What’s important for investors post COVID-19
Looking at the themes which will be most important to investors’ future strategies and location choices following the COVID-19 pandemic, the quality of the healthcare system came top with 46% of investors citing this; followed by 40% citing digital customer connectivity; and 38% citing sustainability and climate change.
Financial services continues to be a key driver of UK economic growth
According to global investors surveyed, the top three drivers of UK growth in the coming years are the digital economy (top with 54% stating this), real estate (second with 42%), and financial services (third with 33%). Healthcare and wellbeing came fourth with 29%.
Anna Anthony concludes: “The COVID-19 pandemic has thrown up unprecedented health and economic challenges this past year, impacting global investment volume and appetite as well as cross-border activity. In the UK, this has added to the pressures businesses have faced through the Brexit negotiation years, so it is reassuring that even against this backdrop the UK remains the most attractive European country for FS FDI. It is also heartening to see that London is again the dominant city, with the Scottish financial services market continuing to attract significant levels of investment. However, the UK's lead has narrowed. While some European centres saw a ‘Brexit bounce’ in 2019, it appears this could have been a one-off spike for many, with just France sustaining this into 2020 and seeing further improvement in investment levels.
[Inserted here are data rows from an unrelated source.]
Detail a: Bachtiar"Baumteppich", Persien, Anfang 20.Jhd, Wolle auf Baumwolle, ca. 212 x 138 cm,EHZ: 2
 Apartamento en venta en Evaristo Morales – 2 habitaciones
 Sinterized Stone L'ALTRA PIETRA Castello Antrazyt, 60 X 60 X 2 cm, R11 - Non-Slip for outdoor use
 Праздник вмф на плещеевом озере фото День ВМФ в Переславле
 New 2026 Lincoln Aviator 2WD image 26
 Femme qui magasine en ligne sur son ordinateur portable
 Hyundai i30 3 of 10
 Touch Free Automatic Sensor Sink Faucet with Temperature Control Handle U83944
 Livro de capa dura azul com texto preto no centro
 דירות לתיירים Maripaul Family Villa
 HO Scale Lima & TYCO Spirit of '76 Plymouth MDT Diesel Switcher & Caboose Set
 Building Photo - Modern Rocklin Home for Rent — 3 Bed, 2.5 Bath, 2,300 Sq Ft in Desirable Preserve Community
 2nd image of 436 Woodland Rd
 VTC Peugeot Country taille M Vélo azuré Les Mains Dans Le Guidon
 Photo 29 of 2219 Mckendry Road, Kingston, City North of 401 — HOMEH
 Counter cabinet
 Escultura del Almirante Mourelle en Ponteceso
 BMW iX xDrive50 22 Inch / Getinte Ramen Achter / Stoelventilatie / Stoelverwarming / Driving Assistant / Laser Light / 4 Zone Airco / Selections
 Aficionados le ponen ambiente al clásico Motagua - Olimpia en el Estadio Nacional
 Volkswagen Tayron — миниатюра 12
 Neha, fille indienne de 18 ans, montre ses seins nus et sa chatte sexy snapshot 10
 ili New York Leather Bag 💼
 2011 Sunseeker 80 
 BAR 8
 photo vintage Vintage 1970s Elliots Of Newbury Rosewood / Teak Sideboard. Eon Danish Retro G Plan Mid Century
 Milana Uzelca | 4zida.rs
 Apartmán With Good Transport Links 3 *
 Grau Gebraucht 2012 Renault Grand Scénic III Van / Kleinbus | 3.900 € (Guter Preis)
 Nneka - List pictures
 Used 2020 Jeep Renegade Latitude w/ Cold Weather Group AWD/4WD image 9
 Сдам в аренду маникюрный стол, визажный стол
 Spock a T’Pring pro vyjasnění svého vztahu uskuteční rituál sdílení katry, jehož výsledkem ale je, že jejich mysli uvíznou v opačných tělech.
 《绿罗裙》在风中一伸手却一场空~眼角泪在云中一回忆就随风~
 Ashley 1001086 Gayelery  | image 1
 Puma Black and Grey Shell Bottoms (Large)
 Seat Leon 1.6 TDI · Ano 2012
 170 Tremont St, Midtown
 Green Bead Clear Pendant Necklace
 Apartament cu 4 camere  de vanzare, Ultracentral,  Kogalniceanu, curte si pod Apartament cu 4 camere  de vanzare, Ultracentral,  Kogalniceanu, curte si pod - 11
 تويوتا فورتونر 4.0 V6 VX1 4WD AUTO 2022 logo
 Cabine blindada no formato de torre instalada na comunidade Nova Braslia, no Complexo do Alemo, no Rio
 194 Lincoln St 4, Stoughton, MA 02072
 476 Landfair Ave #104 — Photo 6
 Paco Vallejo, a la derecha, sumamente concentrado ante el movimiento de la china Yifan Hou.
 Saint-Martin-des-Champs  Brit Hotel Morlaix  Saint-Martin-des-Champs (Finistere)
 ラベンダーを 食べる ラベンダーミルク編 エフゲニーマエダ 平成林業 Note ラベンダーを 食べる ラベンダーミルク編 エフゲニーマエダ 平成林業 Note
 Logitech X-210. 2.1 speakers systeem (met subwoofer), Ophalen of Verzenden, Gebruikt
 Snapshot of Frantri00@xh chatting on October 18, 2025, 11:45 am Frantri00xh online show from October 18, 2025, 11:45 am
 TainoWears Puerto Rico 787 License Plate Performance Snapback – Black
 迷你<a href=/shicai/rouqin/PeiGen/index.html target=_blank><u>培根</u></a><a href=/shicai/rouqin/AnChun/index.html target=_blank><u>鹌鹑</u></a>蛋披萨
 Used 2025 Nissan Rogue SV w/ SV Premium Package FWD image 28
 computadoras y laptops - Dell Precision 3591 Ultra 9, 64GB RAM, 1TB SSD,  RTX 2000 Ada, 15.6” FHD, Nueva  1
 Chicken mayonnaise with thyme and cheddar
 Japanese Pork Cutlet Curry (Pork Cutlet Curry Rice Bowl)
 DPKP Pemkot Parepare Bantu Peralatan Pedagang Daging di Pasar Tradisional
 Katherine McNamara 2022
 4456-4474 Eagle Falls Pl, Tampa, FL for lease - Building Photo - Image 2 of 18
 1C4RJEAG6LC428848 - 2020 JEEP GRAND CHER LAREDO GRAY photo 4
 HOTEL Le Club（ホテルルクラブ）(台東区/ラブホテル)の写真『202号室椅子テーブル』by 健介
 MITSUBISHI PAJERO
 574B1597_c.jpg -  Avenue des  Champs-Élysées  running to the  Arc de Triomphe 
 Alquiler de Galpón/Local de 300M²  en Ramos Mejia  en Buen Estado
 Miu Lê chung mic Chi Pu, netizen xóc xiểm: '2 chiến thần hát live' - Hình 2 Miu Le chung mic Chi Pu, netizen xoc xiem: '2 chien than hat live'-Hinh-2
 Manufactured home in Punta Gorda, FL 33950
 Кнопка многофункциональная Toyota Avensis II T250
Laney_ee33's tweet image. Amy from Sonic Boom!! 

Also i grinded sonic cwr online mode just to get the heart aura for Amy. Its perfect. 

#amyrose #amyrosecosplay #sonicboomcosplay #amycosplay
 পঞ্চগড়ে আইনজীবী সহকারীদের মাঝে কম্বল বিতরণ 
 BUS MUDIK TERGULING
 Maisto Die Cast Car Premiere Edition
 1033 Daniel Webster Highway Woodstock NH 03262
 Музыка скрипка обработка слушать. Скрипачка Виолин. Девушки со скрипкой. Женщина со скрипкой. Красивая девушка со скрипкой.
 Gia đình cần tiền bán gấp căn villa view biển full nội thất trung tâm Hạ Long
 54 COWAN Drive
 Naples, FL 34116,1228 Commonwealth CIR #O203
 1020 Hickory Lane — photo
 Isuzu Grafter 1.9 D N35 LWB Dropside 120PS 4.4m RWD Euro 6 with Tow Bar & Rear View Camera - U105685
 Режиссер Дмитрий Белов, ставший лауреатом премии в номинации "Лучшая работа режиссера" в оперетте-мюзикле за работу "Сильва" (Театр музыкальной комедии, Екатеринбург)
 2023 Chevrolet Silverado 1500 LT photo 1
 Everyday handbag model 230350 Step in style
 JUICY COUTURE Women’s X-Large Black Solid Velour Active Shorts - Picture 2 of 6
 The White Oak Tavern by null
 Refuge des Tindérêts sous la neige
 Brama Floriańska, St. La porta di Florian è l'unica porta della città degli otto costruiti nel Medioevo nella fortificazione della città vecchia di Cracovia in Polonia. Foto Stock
“It is crucial that now, post-Brexit and looking post-pandemic, UK financial services definitively stamps its mark not only within Europe, but also on the global stage, by focusing on FinTech and innovation and becoming a world leader in sustainable finance. Current investor sentiment is really encouraging and shows the UK financial services market is expected to remain Europe’s destination of choice. This will help the UK drive future economic prosperity, but if ever there has been a time to remain vigilant and ensure we’re meeting investors’ changing needs and demands, it’s now.”